My problem is that every now and then, the USB dongle stops working and can't be persuaded to cooperate again. The shell script stops running and in subsequent starts immediately stops again. All that is very correctly identified and caught by the respawn parameter: after five attempts, the init script gives up and logs the service as irredeemably crashed.
What I would like to do now is to react to that correctly identified crash. In my case, I would simply take the nuclear option and reboot the router.
Is there a way to do that, ideally not while accidentally catching a regular service shutdown? I am hoping that, rather than writing a small cronjob that checks for the service status every few minutes, procd caters for this scenario and calls a subroutine with an error code or something to that effect.
Please connect to your OpenWrt device using ssh and copy the output of the following commands and post it here using the "Preformatted text </> " button:
Remember to redact passwords, MAC addresses and any public IP addresses you may have:
Another service that watches the service is my first thought?
edit: cthulu88 looks like they actually know what to listen for and just beat me to it haha.
Or write another script that is a wrapper to the currently crashing script and make that be what the service runs?
i.e.
service start -> my start then wait until exit with timer -> /bin/sh "/var/myscript.sh"
That sounds very much like what I'm looking for. How do I catch that in a script (within the init script maybe)? I can't seem to find any documentation or examples on how to react to service events.

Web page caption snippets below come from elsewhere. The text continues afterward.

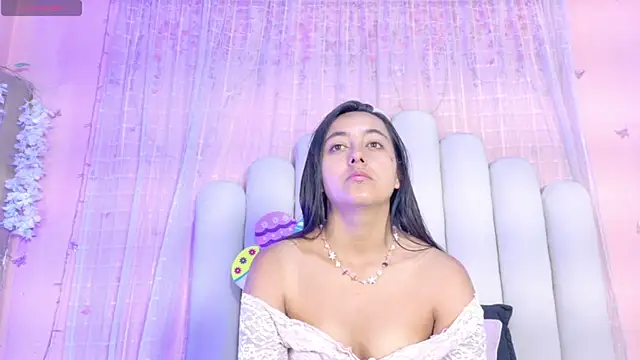 Hollyyqueen  online show from July 2026 07:53:02 PM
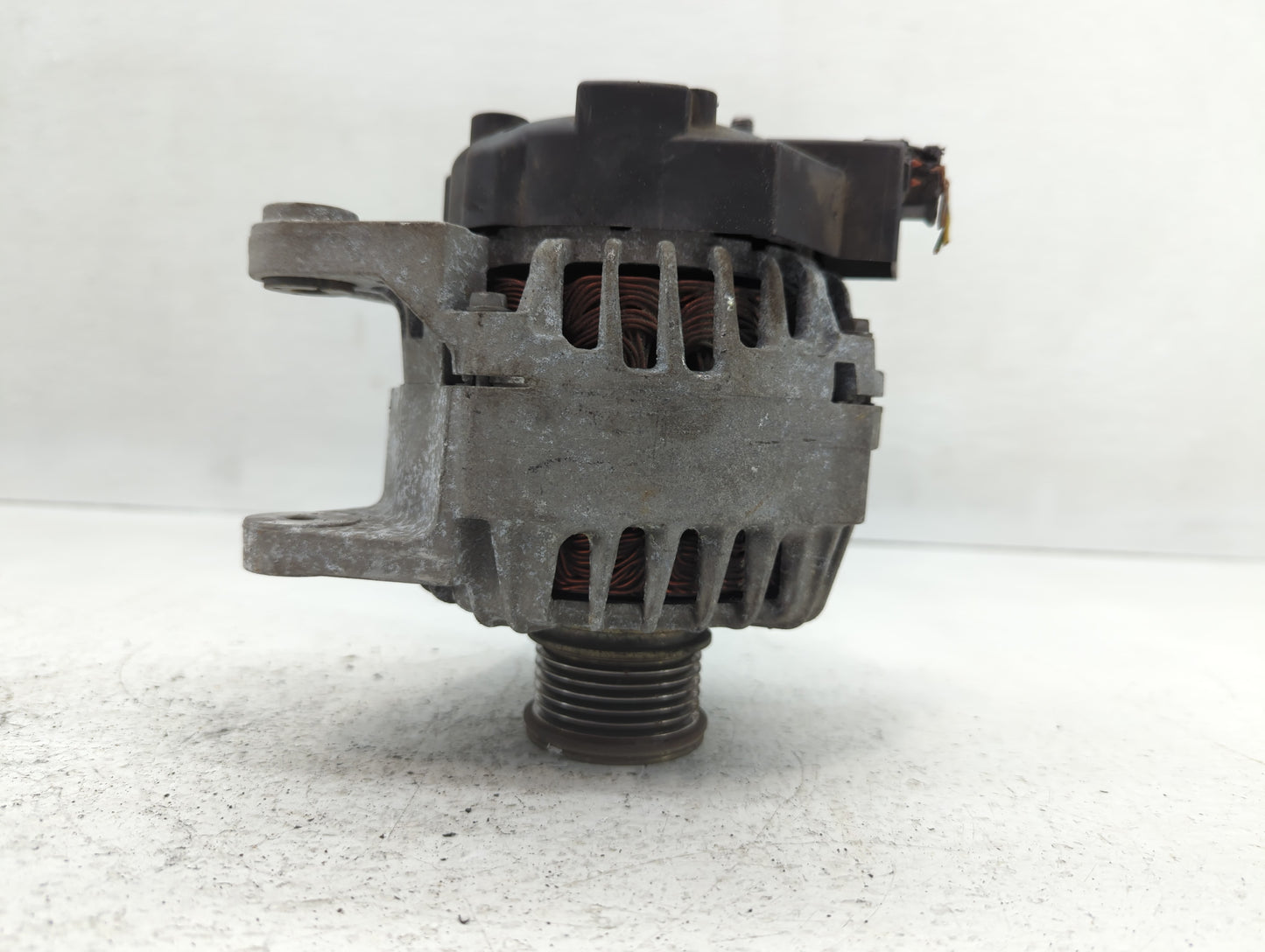 2013-2019 Nissan Sentra Alternator Replacement Generator Charging Assembly Engine OEM P/N:2611855 E 23100 3SH2B Fits OEM Use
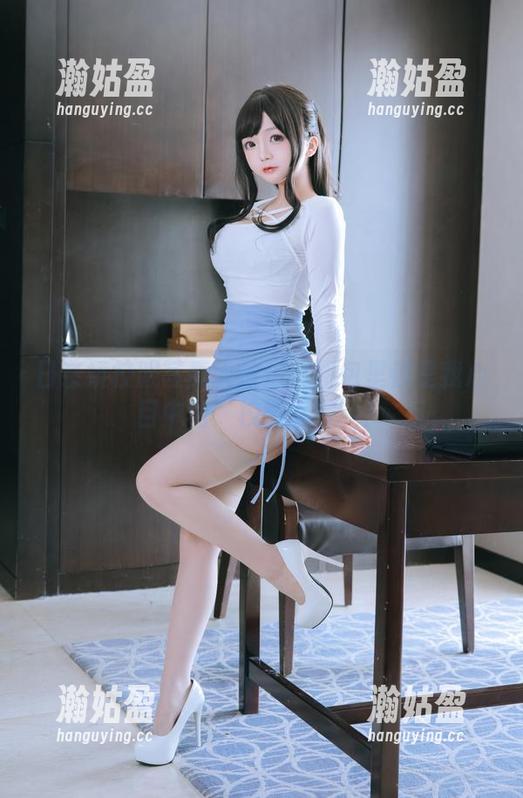 日奈娇校服写真大放送：图包里都是我心目中的‘校园女神’！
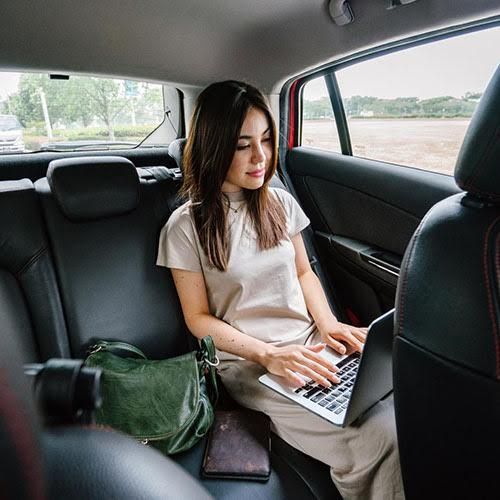 Heathrow Airport transfer companies employ experienced drivers who have excellent knowledge of the surrounding area, ensuring a safe and timely journey.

As a simple work around, you can permanently run a small script, pipe the log messages to it, to be parsed.
In case of crash, trigger reboot.
You can already filter the messages, passed to your script, using the appropriate options for logread.
Thanks, and yes, I know. Even simpler, one can test for service rtl433_json running and parse $? in a cronjob. The workaround is in place, I'm looking for the non-workaround.
That seems very promising, thank you! However, in a first test it does not work. procd recognizes the crash loop:
Thu Oct 24 15:21:24 2024 daemon.info procd: Instance rtl433_json::rtl433_json s in a crash loop 6 crashes, 1 seconds since last crash
But it does not trigger the reboot (or any other script I put into the service trigger's second parameter. Yes, I used the edited version, and I replaced "service_name" with the name of my service/instance, "rtl433_json".)
For kicks and giggles, I also tried
procd_add_raw_trigger "instance.fail" 500 reboot
with the same non-effect. That was a bit of a shot in the dark, though.
Yes. it's a generic ubus event you're listening to.
Everything in the procd source code indicates that this should trigger the correct call to trigger_event from ubus.
Try changing reboot for an actual shell script with execution permission and/or try naming the absolute path to reboot/script.
procd_set_param watch instance.fail then? I only ever see the watch param with network.interface, and it's a bit obscure by which mechanism it then actually causes something to happen.